►

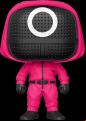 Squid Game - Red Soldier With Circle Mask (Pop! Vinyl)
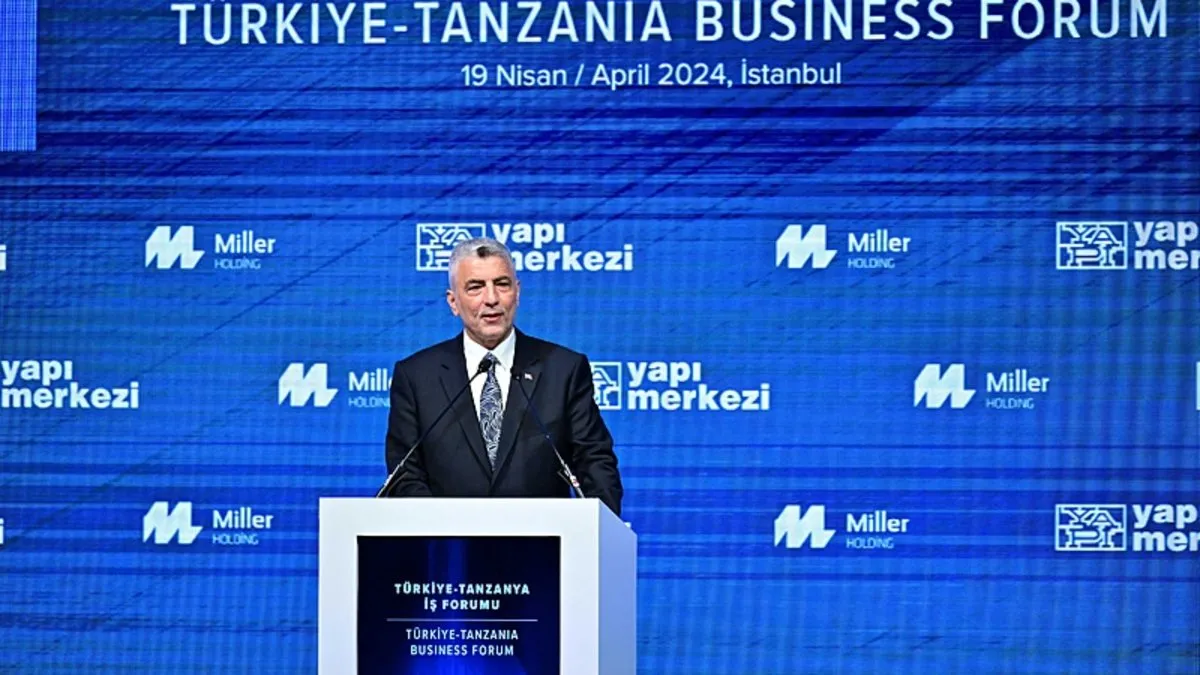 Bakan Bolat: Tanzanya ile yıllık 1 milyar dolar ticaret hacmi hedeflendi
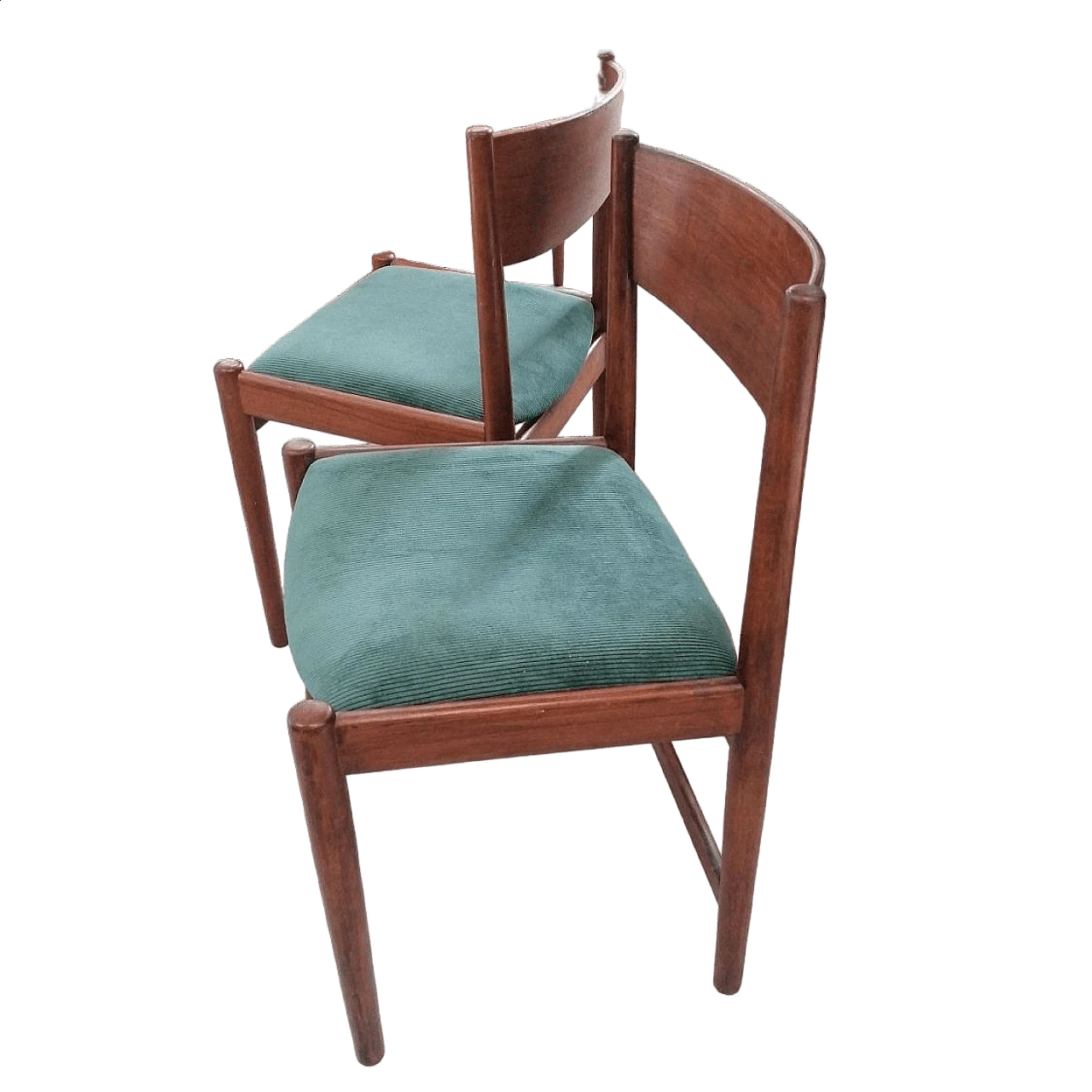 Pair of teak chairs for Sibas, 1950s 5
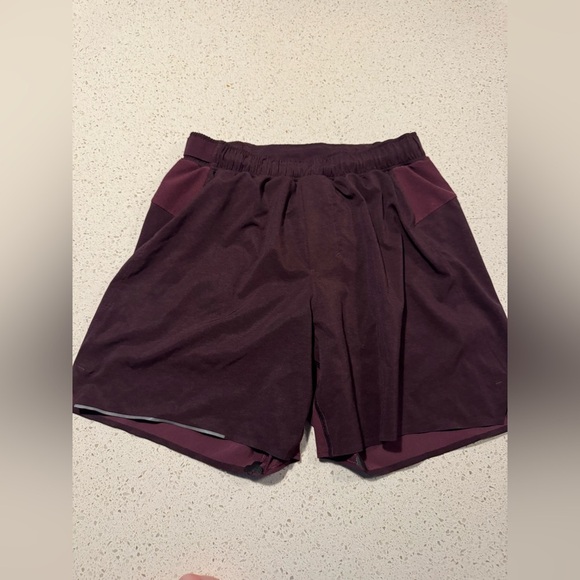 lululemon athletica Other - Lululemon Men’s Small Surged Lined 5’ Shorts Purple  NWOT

◄

- _DIRECTIONS_
Retype the whole of the data verbatim. Skip every picture.

- _ANSWER TO THE PROBLEM_
 Squid Game - Red Soldier With Circle Mask (Pop! Vinyl)
 Bakan Bolat: Tanzanya ile yıllık 1 milyar dolar ticaret hacmi hedeflendi
 Pair of teak chairs for Sibas, 1950s 5
 lululemon athletica Other - Lululemon Men’s Small Surged Lined 5’ Shorts Purple  NWOT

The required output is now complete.